291. Еще более печальным было то, что Цветаева никак не могла издать свой перевод. В одном из писем в 1931 году она писала: «А о французском „Мóлодце“ – лишь одна присказка: „Слишком ново, непривычно, вне всякой традиции, даже и не сюрреализм“ (NB! от коего меня – Господи упаси!) Никто не желает courir le risque (рисковать. – А. В.)»292. Даже когда спустя полвека после смерти Цветаевой перевод был опубликован, он не привлек особого внимания.
В случае Набокова и Бродского ситуация, разумеется, была совершенно иной. К 1970 году, когда был опубликован сборник «Стихи и задачи», Набоков уже давно стал литературной знаменитостью, и поэтому ему не составляло труда найти издателя для своих стихотворных переводов. Однако этот сборник был встречен довольно прохладно. Рецензенты были знакомы с набоковской теорией буквалистского перевода и отчасти приписывали недостатки сборника «Стихи и задачи» его принципам. Ричмонд Латтимор, знаменитый переводчик Гомера, в своей рецензии отметил, что приверженность Набокова «строгой верности» оригиналу приводит к различным «странностям», например перевернутым фразам или – как в стихотворении «К России» – ухабистому ритму, от которого возникает ощущение «езды со спущенным колесом»293. Константин Базаров, как носитель русского языка, высказал мнение, что переводы Набокова «зачастую превращают проникновенные русские стихи в банальные и сбивающие с толку английские, туманный смысл которых порой можно понять только обратившись к кристально ясному русскому оригиналу». Тем самым рецензент подразумевает, что буквалистский метод Набокова навредил не только поэзии Пушкина, но и его собственной294.
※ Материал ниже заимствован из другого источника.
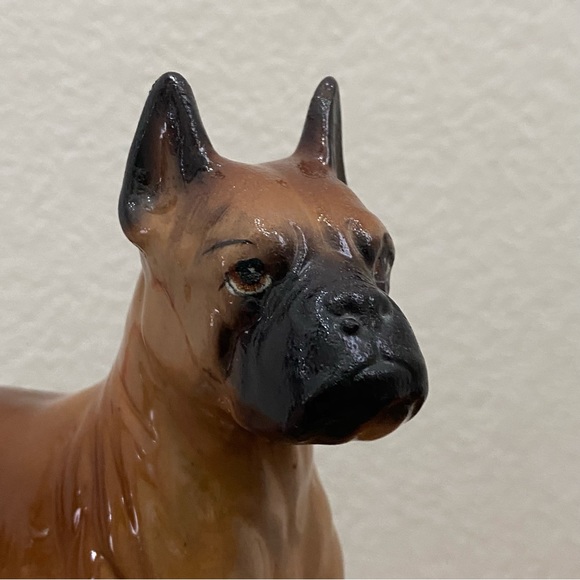 Vintage Unsigned Porcelain Ceramic Boxer Dog 7” Collectible Figurine - Picture 12 of 12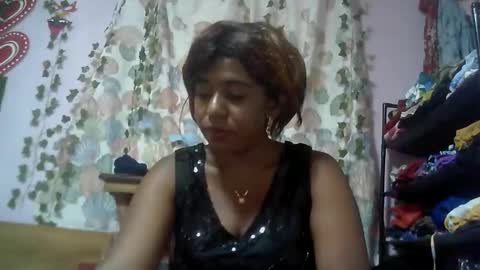 Snapshot of verronique1511 chatting on November 6, 2025, 5:25 pm verronique1511 online show from November 6, 2025, 5:25 pm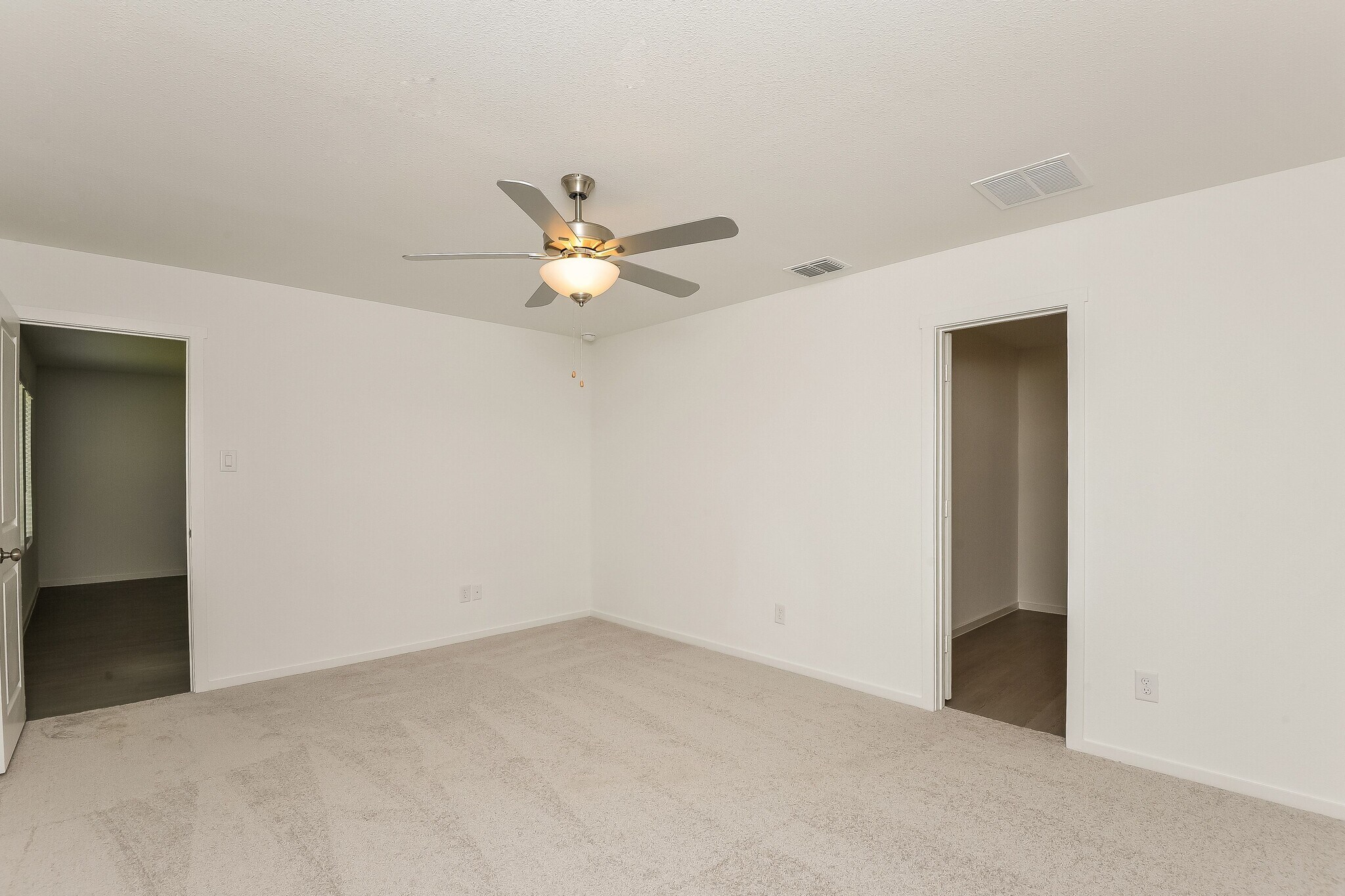 Building Photo - 2753 Mistwood Dr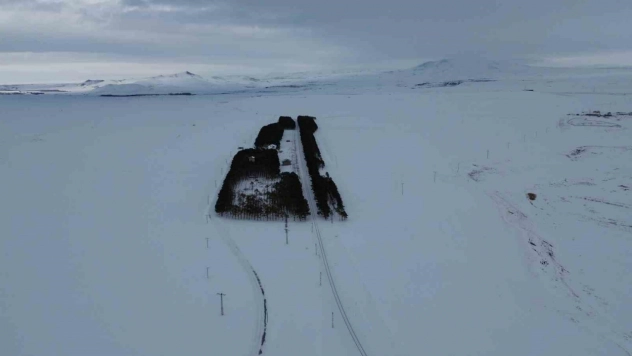 Kars'ta tarihi istasyonda kış masalı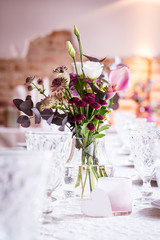 romantische Tischdekoration für eine Hochzeit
Что касается Бродского, то его статус нобелевского лауреата и американского поэта-лауреата позволял ему, как и Набокову, легко найти издателя своих самопереведенных стихов. Однако критические отзывы о набоковском сборнике «Стихи и задачи» были довольно мягкими по сравнению с уничижительной критикой, обрушившейся на автопереводы Бродского. Наиболее яростным нападкам его англоязычные стихотворения подверглись со стороны двух известных британских поэтов и критиков Кристофера Рида и Крейга Рейна295. Названия их рецензий – «Great American Disaster» («Великая американская катастрофа») и «A Reputation Subject to Inflation» («Инфляция репутации») – говорят сами за себя. Даже среди симпатизирующих Бродскому критиков, признававших его умение писать сильные стихи по-английски, мы видим определенную настороженность в отношении его самопереводов. Дэвид Бетеа придерживается мнения, что Бродский безусловно был способен творить великую поэзию на английском языке296. Тем не менее, анализируя один из самых известных текстов Бродского, стихотворение «Я входил вместо дикого зверя в клетку» (в английском переводе «May 24, 1980»), Бетеа так характеризует оригинал и перевод: «Это стихотворение звучит исключительно мощно на русском, особенно если вы слышали, как его читает сам Бродский. К сожалению, значительная часть этой мощи утрачена в переводе (сделанном самим автором)»297. Бетеа далее не разъясняет, почему он считает этот перевод неудачным. За него такие разъяснения дали другие критики. В своих саркастических нападках на Бродского Рид и Рейн (которые не знали русского языка) сосредоточились именно на этом тексте как особо наглядном примере неправильного обращения Бродского с английским. Скептической оценки этот самоперевод Бродского удостоился и со стороны более тонких критиков – например, Чарльза Симича и Валентины Полухиной, – которые могли сравнить английскую версию с русским оригиналом298.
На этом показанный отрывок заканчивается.